Giorgetti assegna le deleghe al Mise. Telecomunicazioni e digitale vanno alla vicepresidente dem Anna Ascani, che due anni fa definiva “sottomissione” l’adesione alla Via della Seta. Aziende cinesi del 5G avvisate (di nuovo)

Nella giornata di venerdì, il ministro dello Sviluppo economico Giancarlo Giorgetti (Lega) ha firmato le deleghe assegnando alla sottosegretaria Anna Ascani (vicepresidente del Partito democratico) quella su banda ultralarga, telecomunicazioni, digitale e sistema cooperativo. Alla viceministra Alessandra Todde (Movimento 5 Stelle) sono delegate le azioni sulle crisi aziendali e le cosiddette “città intelligenti”. Invece, il viceministro Gilberto Pichetto Fratin (Forza Italia) si occuperà delle politiche industriali e delle piccole e medie imprese, made in Italy, commercio, concorrenza, consumatori, lotta alla contraffazione.

Il ministro Giorgetti “si riserva in tutte le materie l’attività normativa, l’individuazione delle priorità, nomine, piani e programma e tutte le decisioni di particolare importanza”, si legge nella nota del Mise.

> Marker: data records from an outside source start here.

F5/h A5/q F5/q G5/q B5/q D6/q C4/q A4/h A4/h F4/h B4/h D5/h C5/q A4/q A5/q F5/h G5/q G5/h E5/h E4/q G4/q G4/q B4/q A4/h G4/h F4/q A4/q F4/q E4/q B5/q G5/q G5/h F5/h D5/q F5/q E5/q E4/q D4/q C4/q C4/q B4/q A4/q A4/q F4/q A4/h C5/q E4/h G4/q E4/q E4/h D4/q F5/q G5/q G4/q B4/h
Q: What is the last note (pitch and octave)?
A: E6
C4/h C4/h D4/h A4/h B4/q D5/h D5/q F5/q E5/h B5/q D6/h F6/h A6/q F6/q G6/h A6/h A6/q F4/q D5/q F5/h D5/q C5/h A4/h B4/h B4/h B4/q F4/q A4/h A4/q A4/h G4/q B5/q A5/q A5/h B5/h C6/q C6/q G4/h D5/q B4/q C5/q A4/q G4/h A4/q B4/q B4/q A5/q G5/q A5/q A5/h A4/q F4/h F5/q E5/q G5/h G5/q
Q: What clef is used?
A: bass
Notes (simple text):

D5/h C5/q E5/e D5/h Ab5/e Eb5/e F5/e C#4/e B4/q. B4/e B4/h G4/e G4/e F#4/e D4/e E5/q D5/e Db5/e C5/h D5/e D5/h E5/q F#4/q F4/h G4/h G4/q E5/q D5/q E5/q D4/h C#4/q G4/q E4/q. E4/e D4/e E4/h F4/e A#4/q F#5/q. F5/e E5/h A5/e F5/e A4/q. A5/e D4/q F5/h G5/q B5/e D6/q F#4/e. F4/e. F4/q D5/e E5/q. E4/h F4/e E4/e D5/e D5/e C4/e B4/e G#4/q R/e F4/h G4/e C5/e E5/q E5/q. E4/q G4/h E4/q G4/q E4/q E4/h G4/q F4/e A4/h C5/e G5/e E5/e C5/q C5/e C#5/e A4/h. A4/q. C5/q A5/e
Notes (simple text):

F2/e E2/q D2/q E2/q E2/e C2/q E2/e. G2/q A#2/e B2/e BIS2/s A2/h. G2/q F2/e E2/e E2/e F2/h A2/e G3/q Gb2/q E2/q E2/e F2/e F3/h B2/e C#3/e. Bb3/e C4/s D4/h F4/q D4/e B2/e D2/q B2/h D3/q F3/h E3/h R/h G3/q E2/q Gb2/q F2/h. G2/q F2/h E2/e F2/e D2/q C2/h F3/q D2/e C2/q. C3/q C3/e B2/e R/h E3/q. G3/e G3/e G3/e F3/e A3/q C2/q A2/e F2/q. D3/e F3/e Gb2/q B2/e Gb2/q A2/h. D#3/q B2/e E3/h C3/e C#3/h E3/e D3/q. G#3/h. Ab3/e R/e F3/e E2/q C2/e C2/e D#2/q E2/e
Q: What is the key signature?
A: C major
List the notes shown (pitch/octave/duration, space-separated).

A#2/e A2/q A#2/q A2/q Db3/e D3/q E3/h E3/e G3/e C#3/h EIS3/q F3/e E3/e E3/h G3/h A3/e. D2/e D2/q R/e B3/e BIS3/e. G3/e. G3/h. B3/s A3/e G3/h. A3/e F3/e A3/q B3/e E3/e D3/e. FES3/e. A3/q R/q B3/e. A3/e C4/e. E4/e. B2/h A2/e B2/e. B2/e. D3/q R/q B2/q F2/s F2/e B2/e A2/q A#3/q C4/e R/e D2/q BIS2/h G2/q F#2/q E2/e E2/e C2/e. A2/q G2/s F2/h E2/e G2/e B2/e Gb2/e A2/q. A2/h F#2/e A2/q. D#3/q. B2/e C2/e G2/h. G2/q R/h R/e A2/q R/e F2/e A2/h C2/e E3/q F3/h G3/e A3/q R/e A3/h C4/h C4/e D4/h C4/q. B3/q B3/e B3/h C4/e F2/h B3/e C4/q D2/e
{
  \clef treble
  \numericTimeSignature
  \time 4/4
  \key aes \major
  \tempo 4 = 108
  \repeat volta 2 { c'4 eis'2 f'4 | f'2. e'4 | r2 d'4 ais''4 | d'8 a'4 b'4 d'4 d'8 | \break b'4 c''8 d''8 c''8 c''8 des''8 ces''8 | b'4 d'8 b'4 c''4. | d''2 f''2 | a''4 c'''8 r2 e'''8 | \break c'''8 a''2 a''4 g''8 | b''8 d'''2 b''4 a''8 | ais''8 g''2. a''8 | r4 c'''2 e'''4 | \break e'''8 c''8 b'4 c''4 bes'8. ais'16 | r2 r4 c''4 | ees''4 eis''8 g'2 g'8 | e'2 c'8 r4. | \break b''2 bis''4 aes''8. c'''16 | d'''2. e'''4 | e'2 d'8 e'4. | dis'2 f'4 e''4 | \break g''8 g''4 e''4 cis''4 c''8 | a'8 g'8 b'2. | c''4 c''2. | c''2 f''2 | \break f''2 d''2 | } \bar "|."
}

All’indomani della nascita del governo di Mario Draghi su Formiche.net avevamo ricostruito la catena di comando sul 5G – tema al centro delle preoccupazioni (anche) della nuova amministrazione statunitense guidata da Joe Biden –, a cui da pochi giorni si è aggiunta la sottosegretaria Ascani.

La catena parte da Palazzo Chigi. Lì, assieme al presidente Draghi e al sottosegretario Roberto Garofoli, risiede il gruppo di coordinamento per il golden power, i “poteri speciali” che il governo può utilizzare per fermare contratti ritenuti lesivi della sicurezza nazionale. Recentemente li ha esercitati su 5G cinese (forniture Huawei e Zte), fintech e semiconduttori.

Ci sono poi – oltre a Vittorio Colao, a capo della Transizione digitale, che alcune settimane fa in audizione al Senato ha spiegato che l’Italia digitale deve rimanere “chiaramente nel quadro europeo e atlantico” – i ministri che compongono il Cisr. Tra questi, Luigi Di Maio (Esteri) e Lorenzo Guerini (Difesa) che rappresentano un’ulteriore garanzia di atlantismo dell’Italia di Draghi anche sui dossier tecnologici.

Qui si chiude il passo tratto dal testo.